Do I have to roll my own escape code to display user input in HTML/Javascript?

Question

This must've been asked before, but I couldn't find it.

I want to allow my users to enter text into an HTML form, and later to display that text in the webpage, exactly as it was written, avoiding:

1. XSS attacks
2. Encoded punctuation being displayed (e.g. %2C instead of a comma, + instead of a space)
3. Unexpected results due to < or > being used and the browser treating it as part of the HTML

The form enctype is the default application/x-www-form-urlencoded.

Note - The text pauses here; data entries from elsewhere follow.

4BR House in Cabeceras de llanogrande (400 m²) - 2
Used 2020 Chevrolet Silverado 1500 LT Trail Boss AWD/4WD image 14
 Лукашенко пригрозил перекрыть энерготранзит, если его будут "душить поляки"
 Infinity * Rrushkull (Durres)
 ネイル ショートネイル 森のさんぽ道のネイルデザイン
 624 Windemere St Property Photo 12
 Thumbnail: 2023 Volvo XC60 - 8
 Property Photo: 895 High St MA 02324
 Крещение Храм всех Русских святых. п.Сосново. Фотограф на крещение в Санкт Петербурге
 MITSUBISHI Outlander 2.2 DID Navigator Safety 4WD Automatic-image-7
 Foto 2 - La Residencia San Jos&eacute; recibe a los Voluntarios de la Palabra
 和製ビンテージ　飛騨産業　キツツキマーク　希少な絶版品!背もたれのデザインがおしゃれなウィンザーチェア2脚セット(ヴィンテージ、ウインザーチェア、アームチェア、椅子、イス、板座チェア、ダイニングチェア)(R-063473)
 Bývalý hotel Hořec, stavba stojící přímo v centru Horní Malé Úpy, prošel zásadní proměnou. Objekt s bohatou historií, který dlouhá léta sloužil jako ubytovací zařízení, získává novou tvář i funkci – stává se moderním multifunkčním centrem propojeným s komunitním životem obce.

I'm not sure if I really need this enctype, but for various reasons I'm sticking with it for now.

I've seen that I can partially fix (2) by using decodeURI or decodeURIComponent, although it doesn't convert + back to space.

For the rest, isn't there also a built-in function I can use? The only libraries I found were server-side ones for .NET or Java, I didn't find anything for doing it client-side in Javascript, but I found plenty of stern warnings that if you roll your own code, you'll probably make subtle mistakes.

For now I'm using the myDecode function below, which seems to work, but I can't believe it's the best way.

function myDecode(string) {
    // First convert + to space, since decodeURIComponent may introduce new + characters that were previously encoded
    // Then use decodeURIComponent to convert all other punctuation
    // Then escape HTML special characters
    return htmlEscape( decodeURIComponent( string.replace(/\+/g, " ") ) );                                                                        
}

function htmlEscape(string) {
    return string.replace( /&/g, "&")  // remember to do & first, otherwise you'll mess up the subsequent escaping!
                 .replace( /</g, "&lt;" )
                 .replace( />/g, "&gt;" )
                 .replace( /\"/g, "&quot;" )
                 .replace( /\'/g, "&#39" );
}

My test is that the user can enter the below text and have it displayed as-written, without any changes and without running the script:

<script>alert( "Gotcha! + & + " );</script>

But I don't know if that's a strong enough test.

This is just a small hobby project with no sensitive data and very few users, so it doesn't have to be totally bullet proof. But it would be nice to know how to do things the right way.